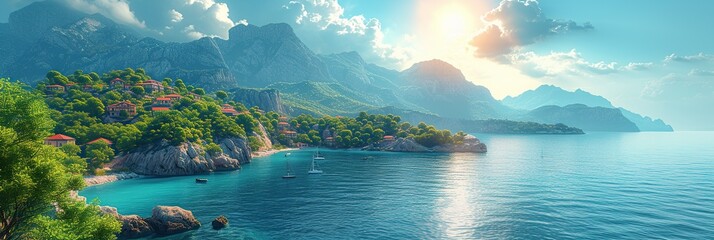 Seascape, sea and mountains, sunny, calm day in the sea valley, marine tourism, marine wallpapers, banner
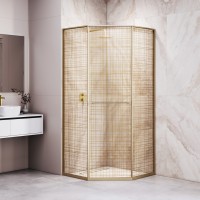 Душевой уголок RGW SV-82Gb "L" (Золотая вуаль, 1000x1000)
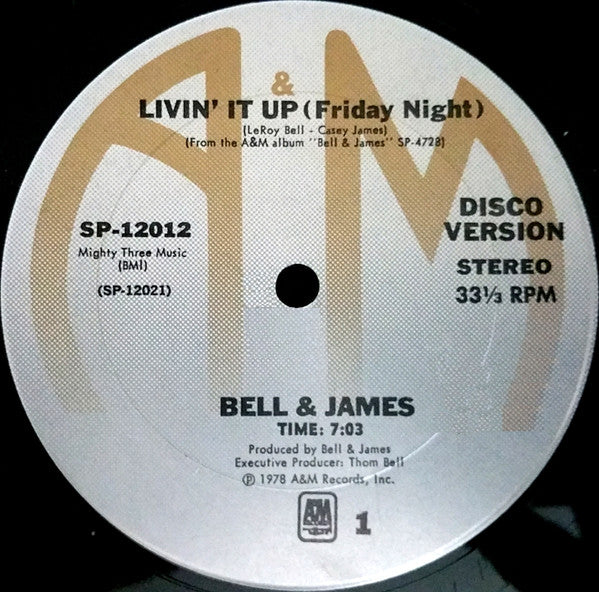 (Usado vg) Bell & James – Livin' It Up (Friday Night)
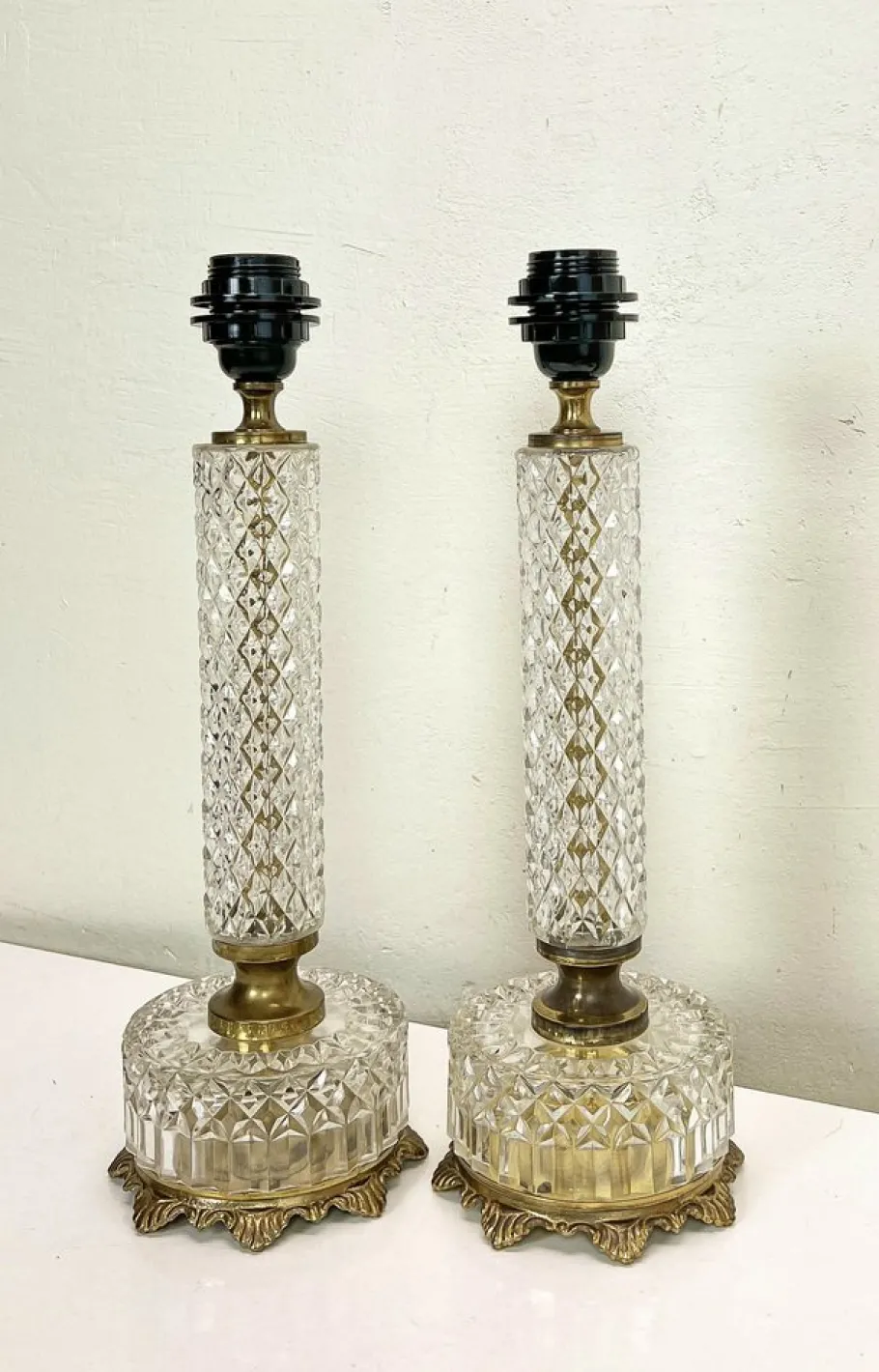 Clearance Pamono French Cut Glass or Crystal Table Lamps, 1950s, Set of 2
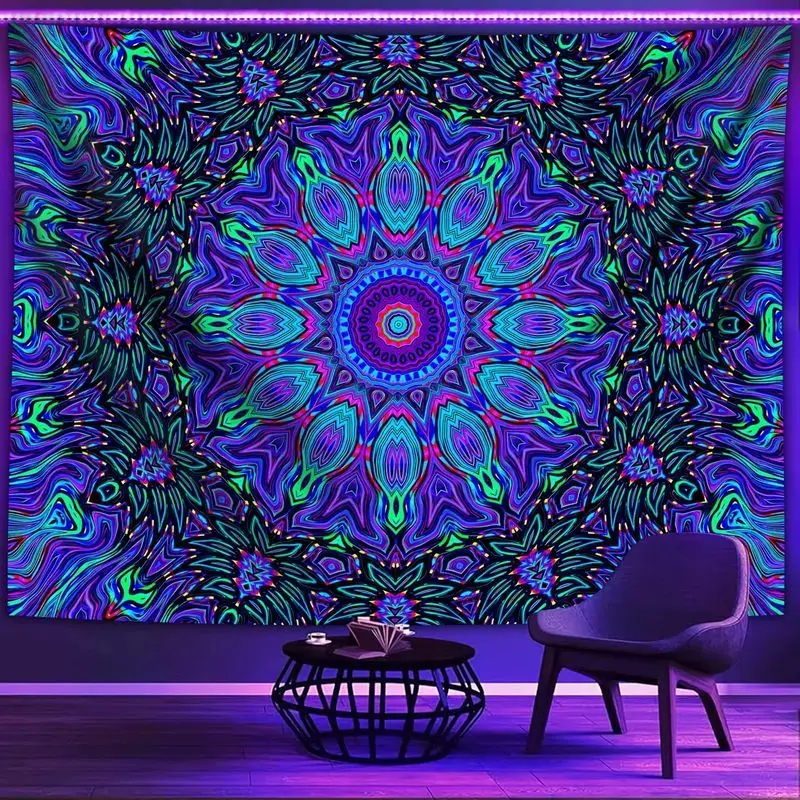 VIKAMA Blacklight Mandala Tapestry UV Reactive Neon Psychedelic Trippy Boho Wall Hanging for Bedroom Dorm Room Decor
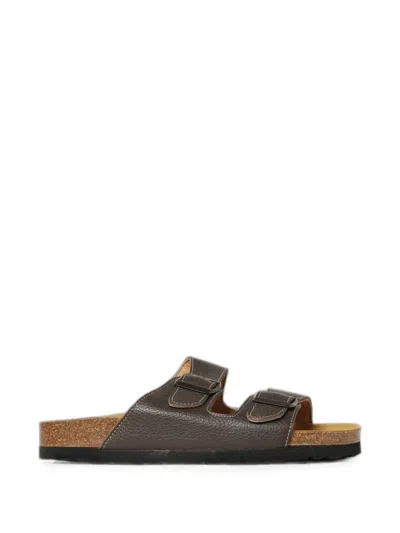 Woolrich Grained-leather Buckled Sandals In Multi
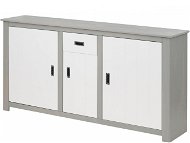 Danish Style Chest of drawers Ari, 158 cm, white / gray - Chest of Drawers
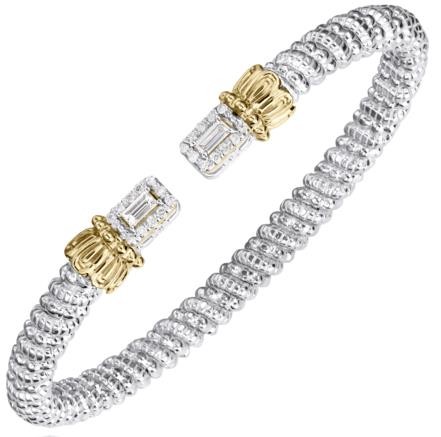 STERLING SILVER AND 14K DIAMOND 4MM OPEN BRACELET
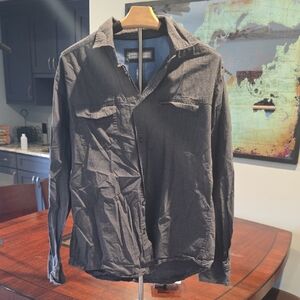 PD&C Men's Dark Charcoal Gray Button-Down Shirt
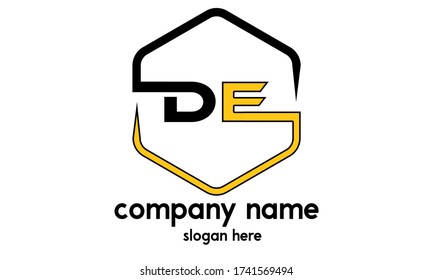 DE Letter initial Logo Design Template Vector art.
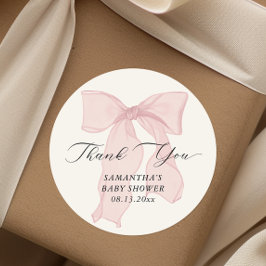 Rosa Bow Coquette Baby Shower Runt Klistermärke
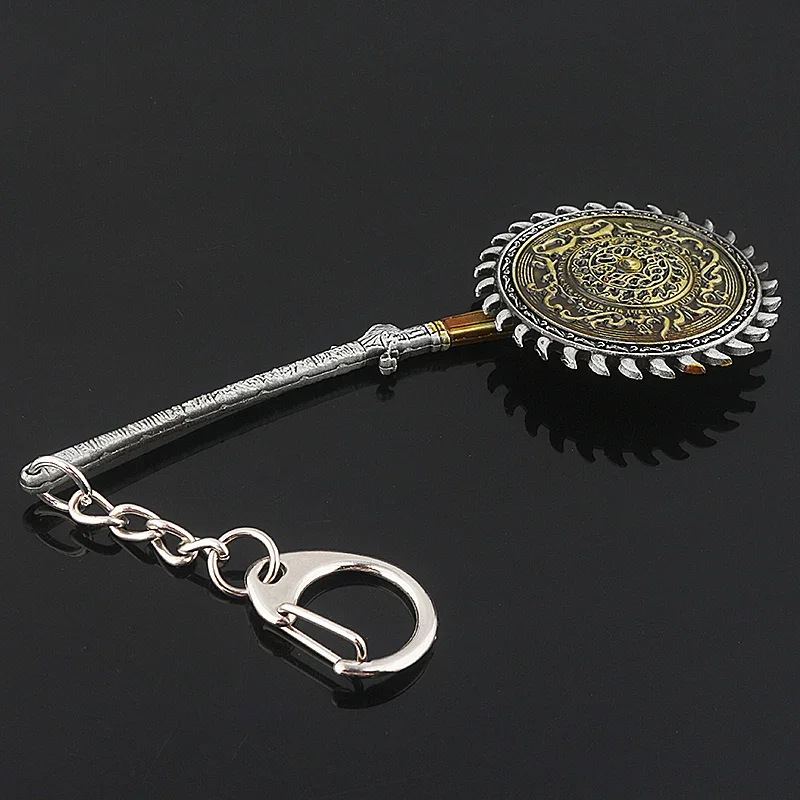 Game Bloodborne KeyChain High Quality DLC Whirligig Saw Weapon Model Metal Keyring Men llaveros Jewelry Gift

_PROMPT_
Please copy the lines above exactly as written, apart from any pictures.

_RESULT OF THE TASK_
 Seascape, sea and mountains, sunny, calm day in the sea valley, marine tourism, marine wallpapers, banner
 Душевой уголок RGW SV-82Gb "L" (Золотая вуаль, 1000x1000)
 (Usado vg) Bell & James – Livin' It Up (Friday Night)
 Clearance Pamono French Cut Glass or Crystal Table Lamps, 1950s, Set of 2
 VIKAMA Blacklight Mandala Tapestry UV Reactive Neon Psychedelic Trippy Boho Wall Hanging for Bedroom Dorm Room Decor
 Woolrich Grained-leather Buckled Sandals In Multi
 Danish Style Chest of drawers Ari, 158 cm, white / gray - Chest of Drawers
 STERLING SILVER AND 14K DIAMOND 4MM OPEN BRACELET
 PD&C Men's Dark Charcoal Gray Button-Down Shirt
 DE Letter initial Logo Design Template Vector art.
 Rosa Bow Coquette Baby Shower Runt Klistermärke
 Game Bloodborne KeyChain High Quality DLC Whirligig Saw Weapon Model Metal Keyring Men llaveros Jewelry Gift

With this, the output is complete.